A guide to deciphering F1 grid penalties
When does two plus three equal four? Only in Formula One when deciding grid penalties.
F1 seemed to have at last turned a corner after the controversial Canadian Grand Prix and soporific race in France, but its rediscovered optimism was shortlived, and it became embroiled in another penalty debacle just minutes after Charles Leclerc claimed pole position.
A litany of unrelated penalties made a mess of the grid, culminating in Lewis Hamilton dropping from second to fourth despite serving a three-place penalty.
So how does the penalty system work? This is the step-by-step process used to determine the grid hit by multiple and interacting penalties.
|2||Lewis Hamilton||+3 places (6)|
|5||Kevin Magnussen||+5 places (4)|
|12||Nico Hulkenberg||+5 places (3)|
|13||Alexander Albon||Back of grid (2)|
|15||Carlos Sainz||Back of grid (1)|
|19||George Russell||+3 places (5)|
The process starts with publishing the official qualifying classification. The times of the three sessions are collated into a provisional starting order as per the best times in Q1, Q2 and Q3. Importantly, penalties are not yet applied — the data is in its raw post-qualifying form.
From here we cant prescribe the punishments to each driver. The third column outlines which driver has which penalty, and the number in brackets is the order in which the stewards handed them the penalty over the course of the weekend to date.
|10||Sebastian Vettel, Kevin Magnussen|
|17||Lance Stroll, Nico Hulkenberg|
The penalties are then applied in the order they were handed out. Crucially, drivers are not moved up on the grid to fill any empty grid slots. For example, when Lewis Hamilton drops from second place, Max Verstappen does not move up to fill the gap — it’s left empty until the final step.
Carlos Sainz and Alex Albon are both relegated to the back of the grid and therefore don’t have a grid spot for the purposes of this step — this means George Russell, despite being penalised past 20th place, can’t be moved behind them.
Further, in Albon and Sainz’s case, because both are penalised into the same position on the grid, Albon starts ahead because he qualified higher.
Grid spots are created for drivers who have been moved into positions already occupied — in this case Kevin Magnussen and Sebastian Vettel are both 10th, so Magnussen slips behind Vettel to 11th, and Nico Hulkenberg and Lance Stroll are both 17th, so Hulkenberg slips behind Stroll to 18th.
Every driver now has his own spot on the grid, with blank spots still empty.
With all the penalties handed out and the order set, the final step is to move drivers up to close all the empty grid spots.
Hamilton therefore moves from fifth to fourth despite serving a three-place grid penalty from second place.
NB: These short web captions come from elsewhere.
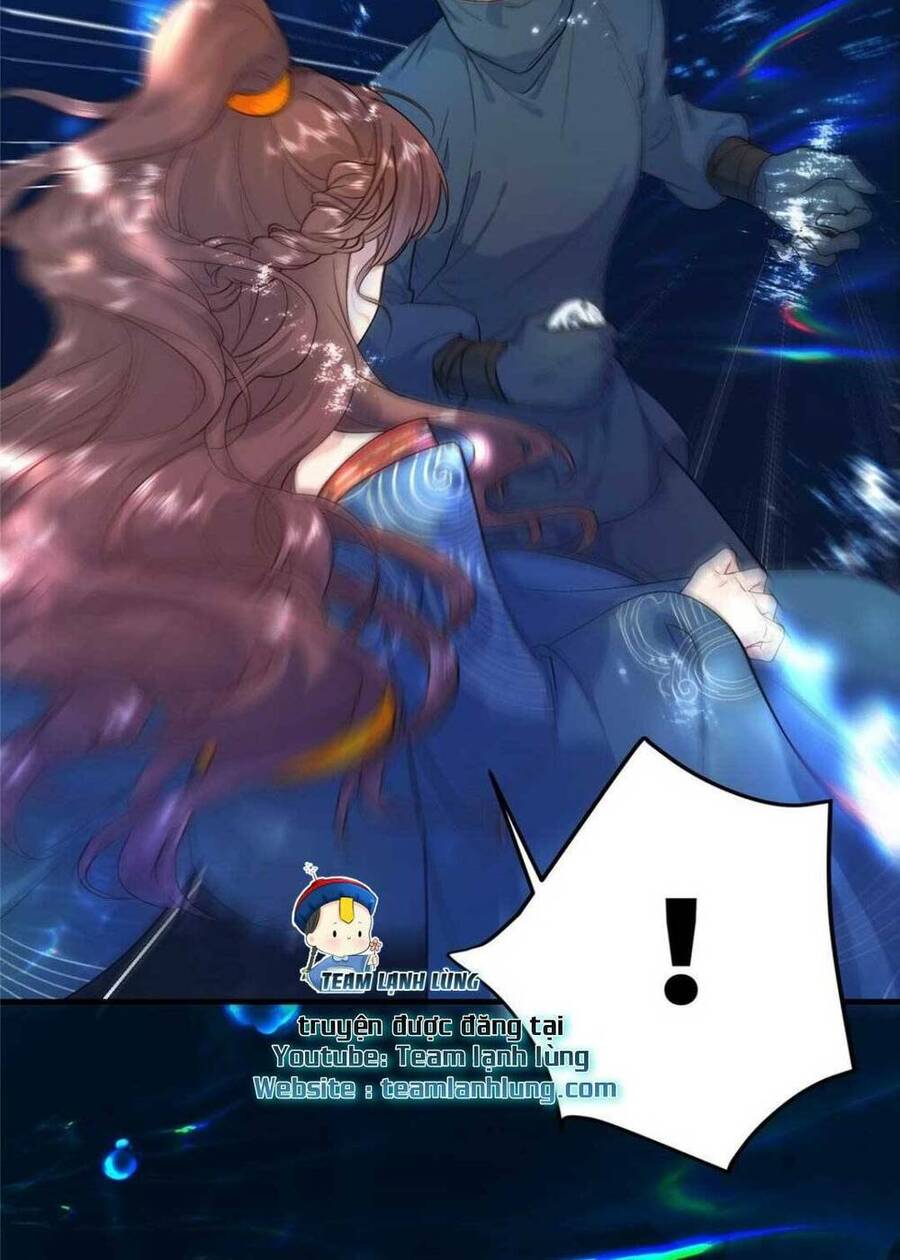 Bát Phu Lâm Môn Chapter 1 - Trang 2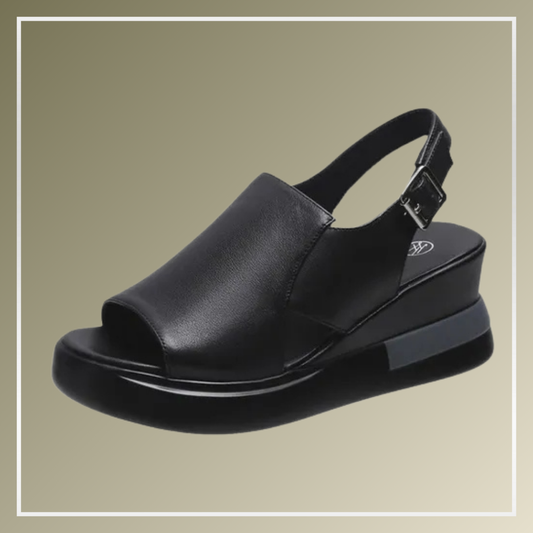 Ortoflex Comfort™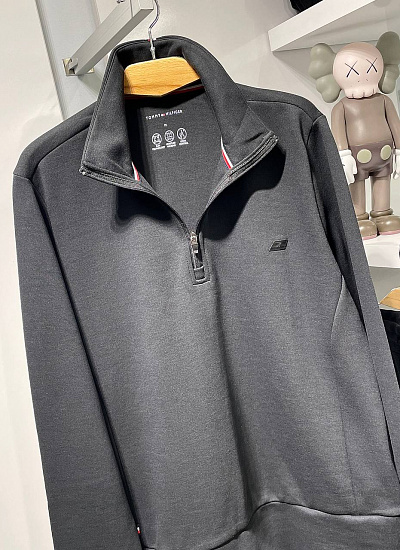 Олимпийка Tommy Hilfiger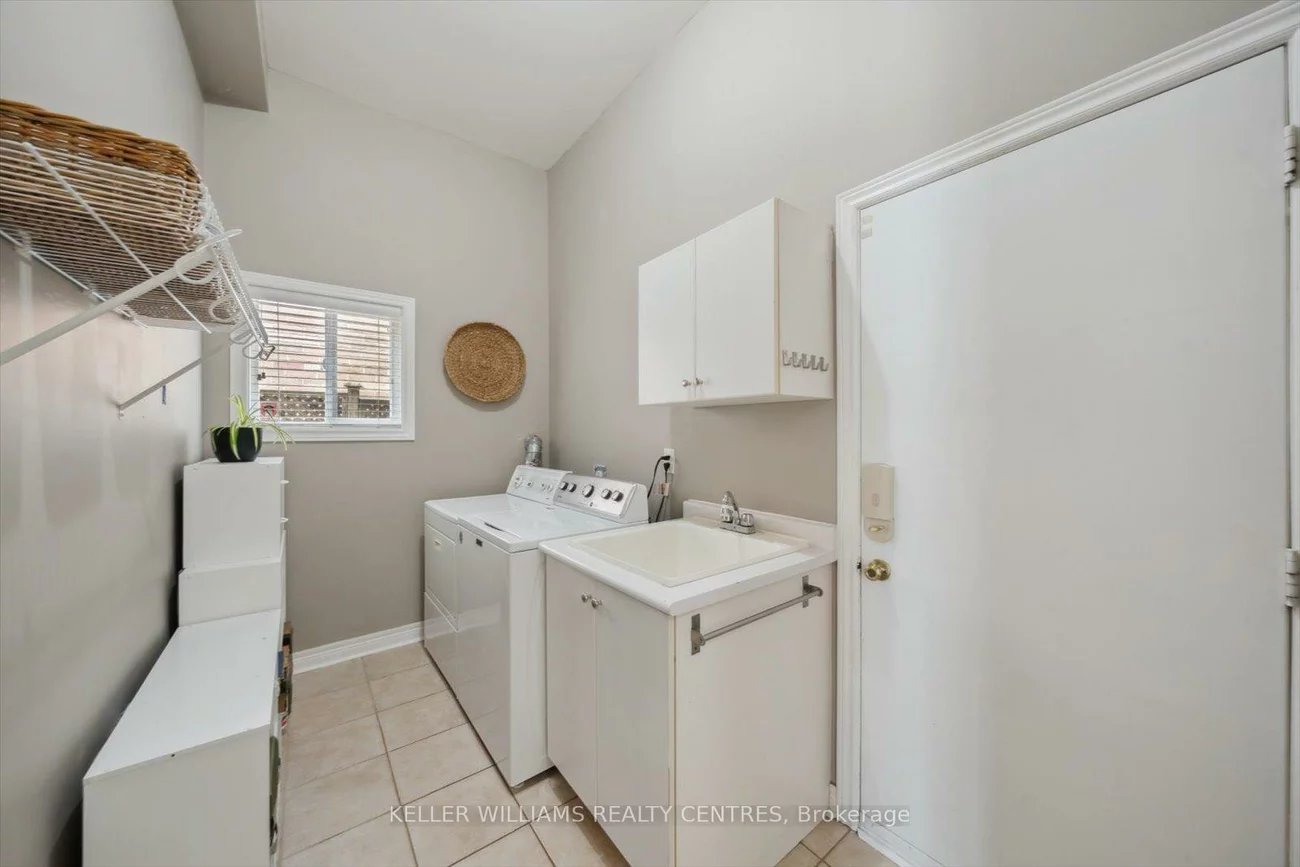 354, Coachwhip, Woodland Hill, Newmarket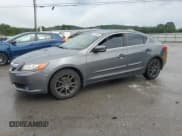 ✅ 2013 Acura ILX Premium • VIN: 19VDE1F58DE019557 • Lot: 59265655. Listed on Copart with 158,488 mi. Free auction sales archive from the USA and detailed vehicle history report at DreamBid. Image 1.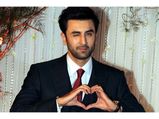 Happy Birthday Ranbir Kapoor: The Top Looks Of The Silent Force In Fashion 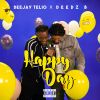 Download track Happy Day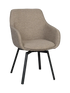 IMAGE for product variant SKU 117883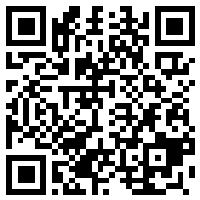 QR Code for dogecoin:DHvxFVoDmFcLPbQGnPtdBX5AbnPhtxgWGf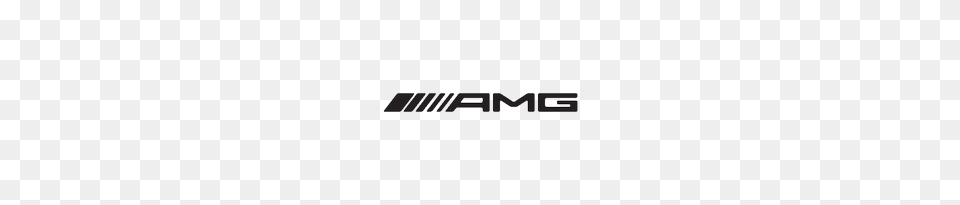 Mercedes Sls Amg Amg Logo Free Png Download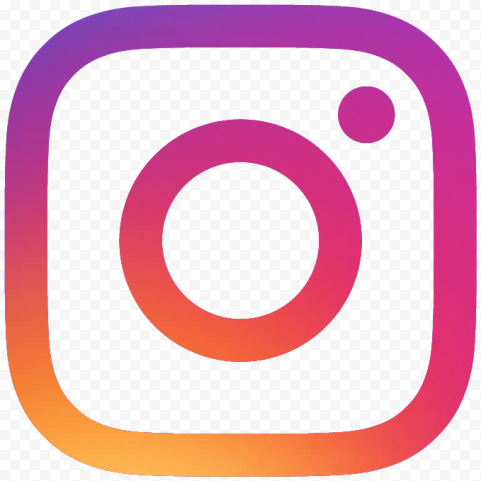 Instagram logo, Maker Faire Social media Logo Instagram, instagram, purple, text, service
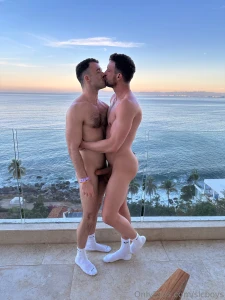 Sunrises in pv are unmatched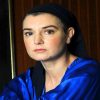 Sinead O Connor cause of death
George Russell moves 19th to 18th to serve his own three-place penalty. Nico Hulkenberg’s five-place penalty drops him only three places.
The third column lists the driver’s original qualifying position.
This seemingly complicated method is designed principally for the sort of massive power unit penalties meted out at the beginning of the turbo-hybrid era, when drivers were regularly receiving penalties of 50 places or more thanks to each engine component carrying individual grid drops.
Though the power unit penalty rubric has been simplified more recently — drivers are now simply sent to the back of the grid once a certain number of penalties are accrued — the system has remained in place, leading to the unusually confusing situation of multiple interacting penalties bein applied in Austria.